## INSTRUCTIONS FOR THE TASK
From the entries below, write out exactly the lines between the line holding "美容医院起什么公司名字好(美容医院起什么公司名字吸引人)" and the line holding "SURGEONS OF AMERICA", inclusive, excluding any pictures.
SUPPLIED RECORDS below:
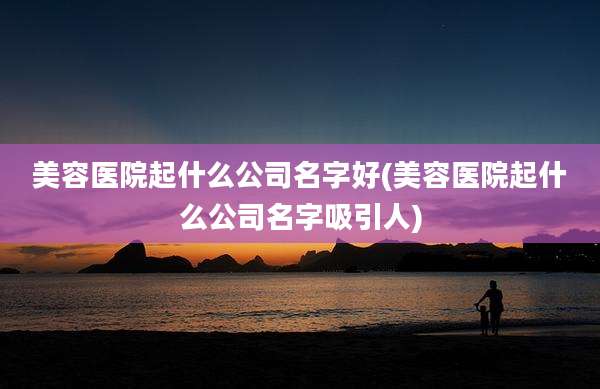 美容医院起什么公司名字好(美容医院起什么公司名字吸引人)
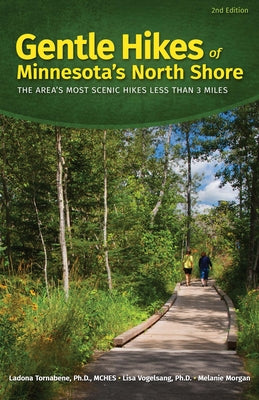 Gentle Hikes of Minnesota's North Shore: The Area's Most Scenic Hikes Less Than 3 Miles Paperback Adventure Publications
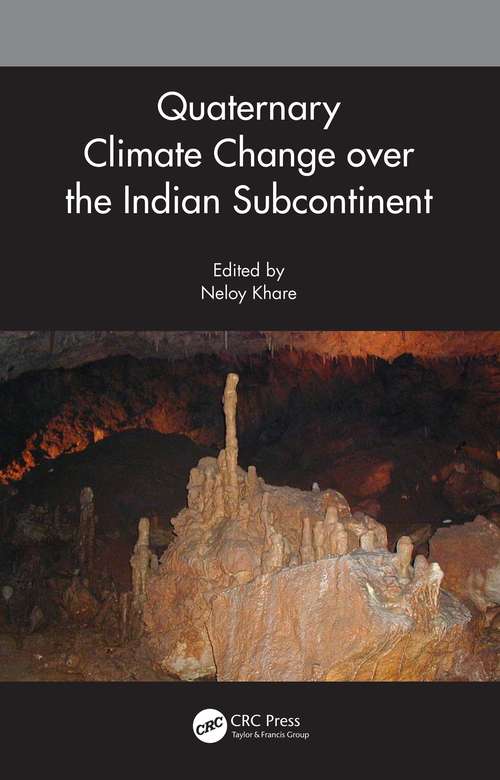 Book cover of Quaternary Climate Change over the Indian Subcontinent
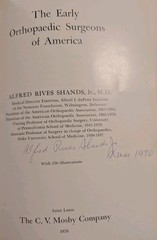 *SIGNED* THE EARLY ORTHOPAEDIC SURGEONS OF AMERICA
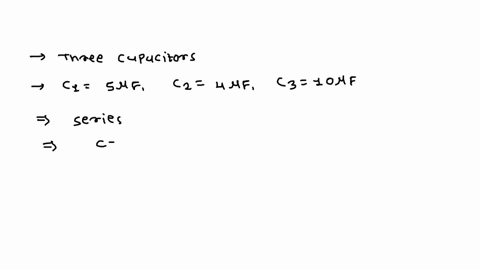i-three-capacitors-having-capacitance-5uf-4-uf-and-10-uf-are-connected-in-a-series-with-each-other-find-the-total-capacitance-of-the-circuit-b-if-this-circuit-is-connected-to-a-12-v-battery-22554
End of SUPPLIED RECORDS.
SUPPLIED RECORDS below:
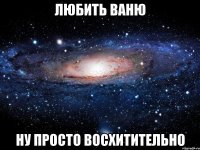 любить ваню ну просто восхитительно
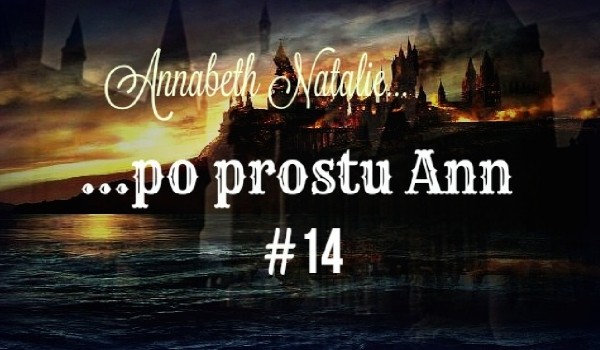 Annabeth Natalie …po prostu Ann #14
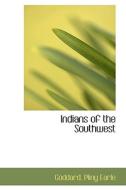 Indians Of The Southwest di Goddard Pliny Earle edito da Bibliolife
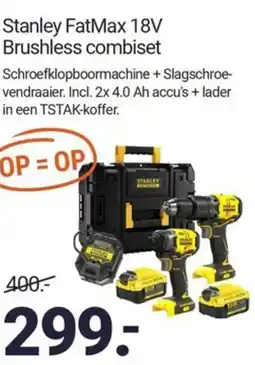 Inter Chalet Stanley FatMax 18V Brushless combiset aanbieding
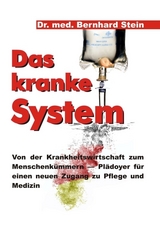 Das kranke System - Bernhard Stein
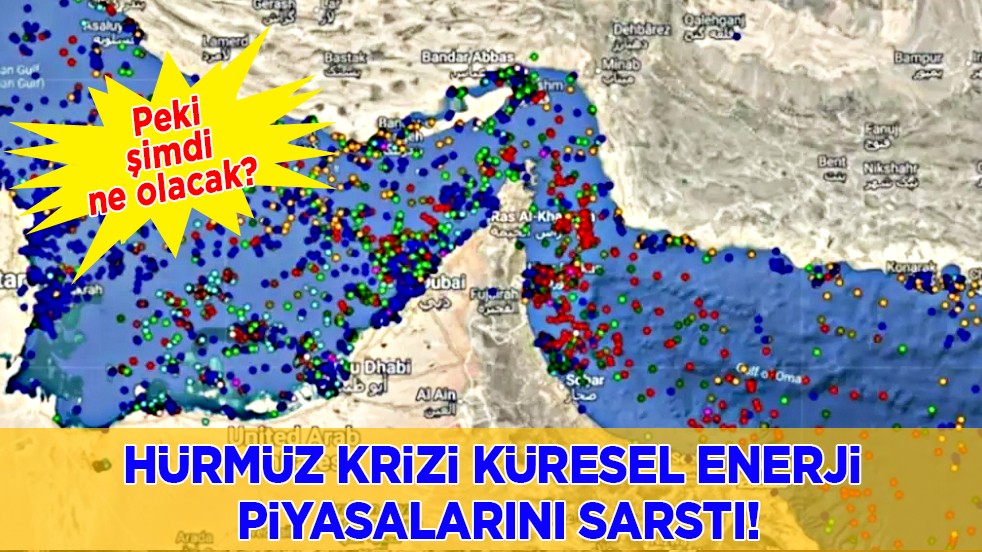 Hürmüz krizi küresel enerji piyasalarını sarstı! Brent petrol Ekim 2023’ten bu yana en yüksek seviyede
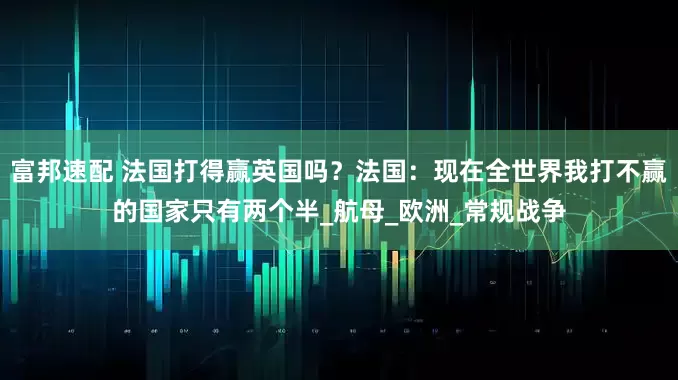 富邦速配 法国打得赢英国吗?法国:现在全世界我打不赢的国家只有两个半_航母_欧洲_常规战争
End of SUPPLIED RECORDS.
## REPLY
 美容医院起什么公司名字好(美容医院起什么公司名字吸引人)
 Gentle Hikes of Minnesota's North Shore: The Area's Most Scenic Hikes Less Than 3 Miles Paperback Adventure Publications
 Book cover of Quaternary Climate Change over the Indian Subcontinent
 *SIGNED* THE EARLY ORTHOPAEDIC SURGEONS OF AMERICA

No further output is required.